WHAT YOU SHOULD DO — Exactly as they appear, output all of the records. Skip any images.

Saved entries:
* * * *

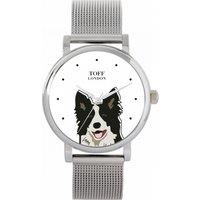 Dogs Watch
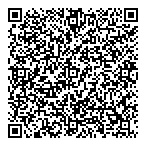 QR код "Фотоцентр"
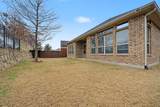 1011 Yellowcress Drive - Photo 28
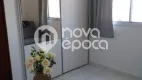 Foto 14 de Apartamento com 2 Quartos à venda, 60m² em Lins de Vasconcelos, Rio de Janeiro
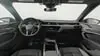 Florida Fine Cars - Used AUDI Q8 E-TRON SPORTBACK 2024 ORLANDO S LINE PREMIUM PLUS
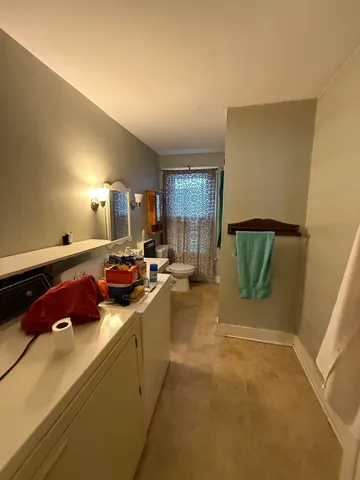 $199,000 | 511 Highway 25, Topsham, VT 05086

* * * *

RESULT —
 Dogs Watch
 QR код "Фотоцентр"
 1011 Yellowcress Drive - Photo 28
 Foto 14 de Apartamento com 2 Quartos à venda, 60m² em Lins de Vasconcelos, Rio de Janeiro
 Florida Fine Cars - Used AUDI Q8 E-TRON SPORTBACK 2024 ORLANDO S LINE PREMIUM PLUS
 $199,000 | 511 Highway 25, Topsham, VT 05086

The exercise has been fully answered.